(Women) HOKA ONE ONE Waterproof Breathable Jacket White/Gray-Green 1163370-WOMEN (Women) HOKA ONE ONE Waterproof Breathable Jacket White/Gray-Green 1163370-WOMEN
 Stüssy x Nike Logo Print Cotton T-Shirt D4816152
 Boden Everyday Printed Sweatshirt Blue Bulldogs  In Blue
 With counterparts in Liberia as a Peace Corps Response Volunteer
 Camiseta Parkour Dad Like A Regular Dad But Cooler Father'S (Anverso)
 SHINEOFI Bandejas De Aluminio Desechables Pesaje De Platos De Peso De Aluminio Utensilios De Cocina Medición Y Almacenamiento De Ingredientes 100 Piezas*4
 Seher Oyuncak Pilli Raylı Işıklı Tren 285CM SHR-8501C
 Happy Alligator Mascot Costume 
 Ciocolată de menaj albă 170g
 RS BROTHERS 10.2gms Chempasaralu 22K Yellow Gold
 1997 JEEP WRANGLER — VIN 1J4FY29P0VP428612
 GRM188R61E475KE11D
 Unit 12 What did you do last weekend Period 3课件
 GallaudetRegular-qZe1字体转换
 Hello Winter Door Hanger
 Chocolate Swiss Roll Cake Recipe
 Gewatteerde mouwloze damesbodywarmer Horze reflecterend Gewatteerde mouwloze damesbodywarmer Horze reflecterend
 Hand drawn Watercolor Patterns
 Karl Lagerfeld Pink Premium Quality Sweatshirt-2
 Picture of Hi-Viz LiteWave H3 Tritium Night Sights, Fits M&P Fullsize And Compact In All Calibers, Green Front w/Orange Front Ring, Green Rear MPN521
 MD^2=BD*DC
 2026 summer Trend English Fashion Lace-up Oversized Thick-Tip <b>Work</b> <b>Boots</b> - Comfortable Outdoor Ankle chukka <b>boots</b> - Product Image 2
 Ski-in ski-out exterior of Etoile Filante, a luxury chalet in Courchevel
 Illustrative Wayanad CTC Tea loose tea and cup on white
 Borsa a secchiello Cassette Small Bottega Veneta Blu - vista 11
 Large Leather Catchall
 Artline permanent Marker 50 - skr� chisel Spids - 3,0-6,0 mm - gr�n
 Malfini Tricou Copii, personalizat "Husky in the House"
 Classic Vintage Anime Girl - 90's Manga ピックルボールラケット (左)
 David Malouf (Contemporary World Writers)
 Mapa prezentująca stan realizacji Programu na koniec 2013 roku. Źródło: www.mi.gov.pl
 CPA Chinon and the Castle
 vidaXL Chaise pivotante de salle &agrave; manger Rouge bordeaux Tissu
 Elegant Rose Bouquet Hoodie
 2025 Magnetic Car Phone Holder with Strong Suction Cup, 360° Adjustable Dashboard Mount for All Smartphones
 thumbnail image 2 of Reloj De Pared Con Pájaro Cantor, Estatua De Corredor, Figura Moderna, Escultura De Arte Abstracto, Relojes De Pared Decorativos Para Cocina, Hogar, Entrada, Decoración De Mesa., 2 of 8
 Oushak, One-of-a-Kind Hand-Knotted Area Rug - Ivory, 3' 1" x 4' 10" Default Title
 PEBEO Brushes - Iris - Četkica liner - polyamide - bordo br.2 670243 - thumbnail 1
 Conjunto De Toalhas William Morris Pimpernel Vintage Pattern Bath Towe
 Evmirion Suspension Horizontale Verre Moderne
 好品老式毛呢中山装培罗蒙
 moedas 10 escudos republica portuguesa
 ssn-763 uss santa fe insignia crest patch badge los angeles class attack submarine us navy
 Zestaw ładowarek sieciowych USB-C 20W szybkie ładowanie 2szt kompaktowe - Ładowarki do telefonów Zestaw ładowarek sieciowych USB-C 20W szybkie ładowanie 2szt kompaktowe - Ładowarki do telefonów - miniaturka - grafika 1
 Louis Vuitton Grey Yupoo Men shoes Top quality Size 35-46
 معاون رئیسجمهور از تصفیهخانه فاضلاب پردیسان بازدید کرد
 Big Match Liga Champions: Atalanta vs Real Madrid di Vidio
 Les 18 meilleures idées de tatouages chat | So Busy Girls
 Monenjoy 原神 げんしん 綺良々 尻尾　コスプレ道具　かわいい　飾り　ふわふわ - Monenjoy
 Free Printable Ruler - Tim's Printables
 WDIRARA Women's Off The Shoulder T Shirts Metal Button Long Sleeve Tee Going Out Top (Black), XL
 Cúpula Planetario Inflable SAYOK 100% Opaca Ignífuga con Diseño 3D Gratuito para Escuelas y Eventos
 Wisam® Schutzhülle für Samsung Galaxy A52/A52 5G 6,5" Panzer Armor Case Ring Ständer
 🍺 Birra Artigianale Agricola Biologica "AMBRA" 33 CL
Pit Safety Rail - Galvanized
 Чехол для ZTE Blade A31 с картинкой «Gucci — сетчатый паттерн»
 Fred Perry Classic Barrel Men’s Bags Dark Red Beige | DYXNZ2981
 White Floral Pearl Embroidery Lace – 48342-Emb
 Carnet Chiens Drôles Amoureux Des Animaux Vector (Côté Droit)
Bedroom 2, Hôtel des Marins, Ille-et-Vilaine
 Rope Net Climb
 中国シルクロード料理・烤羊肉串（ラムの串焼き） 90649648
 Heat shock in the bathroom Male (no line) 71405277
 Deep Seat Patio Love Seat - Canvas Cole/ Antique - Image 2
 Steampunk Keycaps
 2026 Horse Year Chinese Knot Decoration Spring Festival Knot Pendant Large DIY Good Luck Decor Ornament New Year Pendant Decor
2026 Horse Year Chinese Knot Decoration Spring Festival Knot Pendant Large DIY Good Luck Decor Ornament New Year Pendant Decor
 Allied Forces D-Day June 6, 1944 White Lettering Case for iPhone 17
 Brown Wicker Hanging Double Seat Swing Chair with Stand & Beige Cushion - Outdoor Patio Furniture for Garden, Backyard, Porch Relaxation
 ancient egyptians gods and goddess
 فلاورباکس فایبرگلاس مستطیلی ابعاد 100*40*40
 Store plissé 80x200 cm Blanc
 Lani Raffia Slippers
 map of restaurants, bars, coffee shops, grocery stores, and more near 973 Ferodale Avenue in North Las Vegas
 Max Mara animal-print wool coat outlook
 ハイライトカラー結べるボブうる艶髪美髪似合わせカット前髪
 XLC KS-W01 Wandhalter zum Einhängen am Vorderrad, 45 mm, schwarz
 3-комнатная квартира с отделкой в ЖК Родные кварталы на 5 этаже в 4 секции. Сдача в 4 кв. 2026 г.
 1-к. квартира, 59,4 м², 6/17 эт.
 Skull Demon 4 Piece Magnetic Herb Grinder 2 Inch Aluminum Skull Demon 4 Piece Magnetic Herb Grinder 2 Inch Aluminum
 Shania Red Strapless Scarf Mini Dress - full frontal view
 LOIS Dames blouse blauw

+===+

[WORK ITEM]: Reproduce every record above exactly as it appears.

[WRITTEN ANSWER]:
(Women) HOKA ONE ONE Waterproof Breathable Jacket White/Gray-Green 1163370-WOMEN (Women) HOKA ONE ONE Waterproof Breathable Jacket White/Gray-Green 1163370-WOMEN
 Stüssy x Nike Logo Print Cotton T-Shirt D4816152
 Boden Everyday Printed Sweatshirt Blue Bulldogs  In Blue
 With counterparts in Liberia as a Peace Corps Response Volunteer
 Camiseta Parkour Dad Like A Regular Dad But Cooler Father'S (Anverso)
 SHINEOFI Bandejas De Aluminio Desechables Pesaje De Platos De Peso De Aluminio Utensilios De Cocina Medición Y Almacenamiento De Ingredientes 100 Piezas*4
 Seher Oyuncak Pilli Raylı Işıklı Tren 285CM SHR-8501C
 Happy Alligator Mascot Costume 
 Ciocolată de menaj albă 170g
 RS BROTHERS 10.2gms Chempasaralu 22K Yellow Gold
 1997 JEEP WRANGLER — VIN 1J4FY29P0VP428612
 GRM188R61E475KE11D
 Unit 12 What did you do last weekend Period 3课件
 GallaudetRegular-qZe1字体转换
 Hello Winter Door Hanger
 Chocolate Swiss Roll Cake Recipe
 Gewatteerde mouwloze damesbodywarmer Horze reflecterend Gewatteerde mouwloze damesbodywarmer Horze reflecterend
 Hand drawn Watercolor Patterns
 Karl Lagerfeld Pink Premium Quality Sweatshirt-2
 Picture of Hi-Viz LiteWave H3 Tritium Night Sights, Fits M&P Fullsize And Compact In All Calibers, Green Front w/Orange Front Ring, Green Rear MPN521
 MD^2=BD*DC
 2026 summer Trend English Fashion Lace-up Oversized Thick-Tip <b>Work</b> <b>Boots</b> - Comfortable Outdoor Ankle chukka <b>boots</b> - Product Image 2
 Ski-in ski-out exterior of Etoile Filante, a luxury chalet in Courchevel
 Illustrative Wayanad CTC Tea loose tea and cup on white
 Borsa a secchiello Cassette Small Bottega Veneta Blu - vista 11
 Large Leather Catchall
 Artline permanent Marker 50 - skr� chisel Spids - 3,0-6,0 mm - gr�n
 Malfini Tricou Copii, personalizat "Husky in the House"
 Classic Vintage Anime Girl - 90's Manga ピックルボールラケット (左)
 David Malouf (Contemporary World Writers)
 Mapa prezentująca stan realizacji Programu na koniec 2013 roku. Źródło: www.mi.gov.pl
 CPA Chinon and the Castle
 vidaXL Chaise pivotante de salle &agrave; manger Rouge bordeaux Tissu
 Elegant Rose Bouquet Hoodie
 2025 Magnetic Car Phone Holder with Strong Suction Cup, 360° Adjustable Dashboard Mount for All Smartphones
 thumbnail image 2 of Reloj De Pared Con Pájaro Cantor, Estatua De Corredor, Figura Moderna, Escultura De Arte Abstracto, Relojes De Pared Decorativos Para Cocina, Hogar, Entrada, Decoración De Mesa., 2 of 8
 Oushak, One-of-a-Kind Hand-Knotted Area Rug - Ivory, 3' 1" x 4' 10" Default Title
 PEBEO Brushes - Iris - Četkica liner - polyamide - bordo br.2 670243 - thumbnail 1
 Conjunto De Toalhas William Morris Pimpernel Vintage Pattern Bath Towe
 Evmirion Suspension Horizontale Verre Moderne
 好品老式毛呢中山装培罗蒙
 moedas 10 escudos republica portuguesa
 ssn-763 uss santa fe insignia crest patch badge los angeles class attack submarine us navy
 Zestaw ładowarek sieciowych USB-C 20W szybkie ładowanie 2szt kompaktowe - Ładowarki do telefonów Zestaw ładowarek sieciowych USB-C 20W szybkie ładowanie 2szt kompaktowe - Ładowarki do telefonów - miniaturka - grafika 1
 Louis Vuitton Grey Yupoo Men shoes Top quality Size 35-46
 معاون رئیسجمهور از تصفیهخانه فاضلاب پردیسان بازدید کرد
 Big Match Liga Champions: Atalanta vs Real Madrid di Vidio
 Les 18 meilleures idées de tatouages chat | So Busy Girls
 Monenjoy 原神 げんしん 綺良々 尻尾　コスプレ道具　かわいい　飾り　ふわふわ - Monenjoy
 Free Printable Ruler - Tim's Printables
 WDIRARA Women's Off The Shoulder T Shirts Metal Button Long Sleeve Tee Going Out Top (Black), XL
 Cúpula Planetario Inflable SAYOK 100% Opaca Ignífuga con Diseño 3D Gratuito para Escuelas y Eventos
 Wisam® Schutzhülle für Samsung Galaxy A52/A52 5G 6,5" Panzer Armor Case Ring Ständer
 🍺 Birra Artigianale Agricola Biologica "AMBRA" 33 CL
Pit Safety Rail - Galvanized
 Чехол для ZTE Blade A31 с картинкой «Gucci — сетчатый паттерн»
 Fred Perry Classic Barrel Men’s Bags Dark Red Beige | DYXNZ2981
 White Floral Pearl Embroidery Lace – 48342-Emb
 Carnet Chiens Drôles Amoureux Des Animaux Vector (Côté Droit)
Bedroom 2, Hôtel des Marins, Ille-et-Vilaine
 Rope Net Climb
 中国シルクロード料理・烤羊肉串（ラムの串焼き） 90649648
 Heat shock in the bathroom Male (no line) 71405277
 Deep Seat Patio Love Seat - Canvas Cole/ Antique - Image 2
 Steampunk Keycaps
 2026 Horse Year Chinese Knot Decoration Spring Festival Knot Pendant Large DIY Good Luck Decor Ornament New Year Pendant Decor
2026 Horse Year Chinese Knot Decoration Spring Festival Knot Pendant Large DIY Good Luck Decor Ornament New Year Pendant Decor
 Allied Forces D-Day June 6, 1944 White Lettering Case for iPhone 17
 Brown Wicker Hanging Double Seat Swing Chair with Stand & Beige Cushion - Outdoor Patio Furniture for Garden, Backyard, Porch Relaxation
 ancient egyptians gods and goddess
 فلاورباکس فایبرگلاس مستطیلی ابعاد 100*40*40
 Store plissé 80x200 cm Blanc
 Lani Raffia Slippers
 map of restaurants, bars, coffee shops, grocery stores, and more near 973 Ferodale Avenue in North Las Vegas
 Max Mara animal-print wool coat outlook
 ハイライトカラー結べるボブうる艶髪美髪似合わせカット前髪
 XLC KS-W01 Wandhalter zum Einhängen am Vorderrad, 45 mm, schwarz
 3-комнатная квартира с отделкой в ЖК Родные кварталы на 5 этаже в 4 секции. Сдача в 4 кв. 2026 г.
 1-к. квартира, 59,4 м², 6/17 эт.
 Skull Demon 4 Piece Magnetic Herb Grinder 2 Inch Aluminum Skull Demon 4 Piece Magnetic Herb Grinder 2 Inch Aluminum
 Shania Red Strapless Scarf Mini Dress - full frontal view
 LOIS Dames blouse blauw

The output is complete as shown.